# [ABOUT THIS EXERCISE]
Nothing but the lines from the one holding "Hi there, Melody" through the last line of the material below should be set down, exactly and without images.

*** INFORMATION PROVIDED Section Begins ***

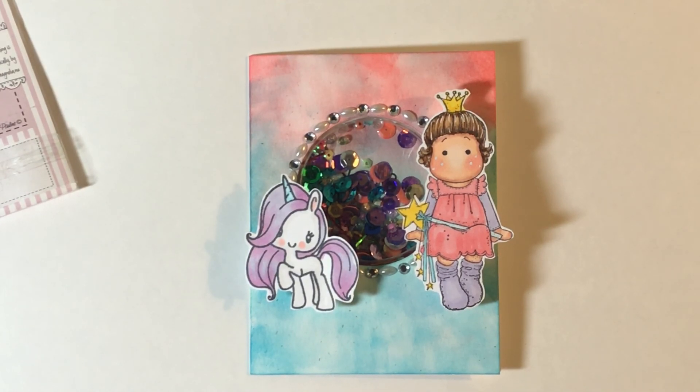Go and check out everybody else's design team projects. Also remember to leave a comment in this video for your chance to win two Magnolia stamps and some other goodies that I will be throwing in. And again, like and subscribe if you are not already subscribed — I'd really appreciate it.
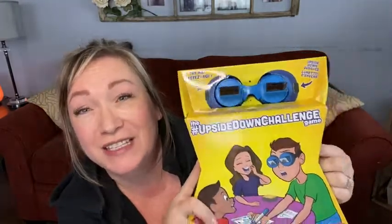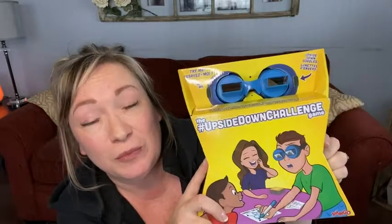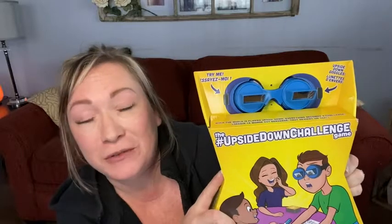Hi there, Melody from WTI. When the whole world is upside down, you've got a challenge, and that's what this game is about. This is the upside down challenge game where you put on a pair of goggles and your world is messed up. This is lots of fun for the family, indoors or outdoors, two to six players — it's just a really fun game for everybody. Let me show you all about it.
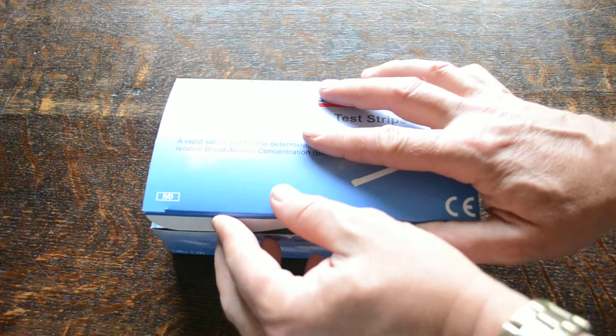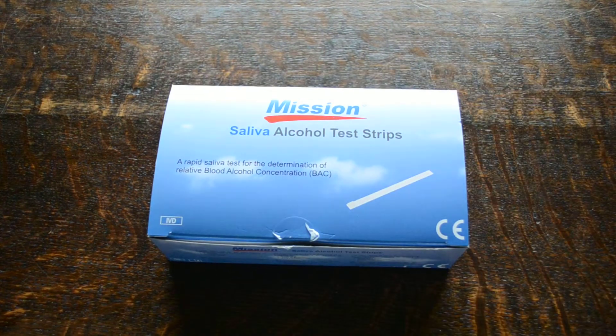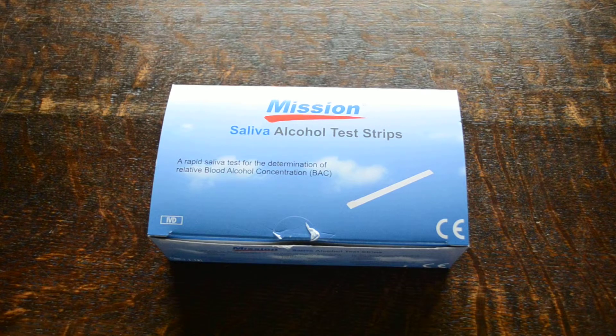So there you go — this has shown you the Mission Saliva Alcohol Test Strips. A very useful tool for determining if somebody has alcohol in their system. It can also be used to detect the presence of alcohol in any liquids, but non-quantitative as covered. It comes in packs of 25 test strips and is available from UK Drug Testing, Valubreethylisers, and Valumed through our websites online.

*** INFORMATION PROVIDED Section Ends ***

# [SOLUTION TO THIS PROBLEM]
Hi there, Melody from WTI. When the whole world is upside down, you've got a challenge, and that's what this game is about. This is the upside down challenge game where you put on a pair of goggles and your world is messed up. This is lots of fun for the family, indoors or outdoors, two to six players — it's just a really fun game for everybody. Let me show you all about it.
So there you go — this has shown you the Mission Saliva Alcohol Test Strips. A very useful tool for determining if somebody has alcohol in their system. It can also be used to detect the presence of alcohol in any liquids, but non-quantitative as covered. It comes in packs of 25 test strips and is available from UK Drug Testing, Valubreethylisers, and Valumed through our websites online.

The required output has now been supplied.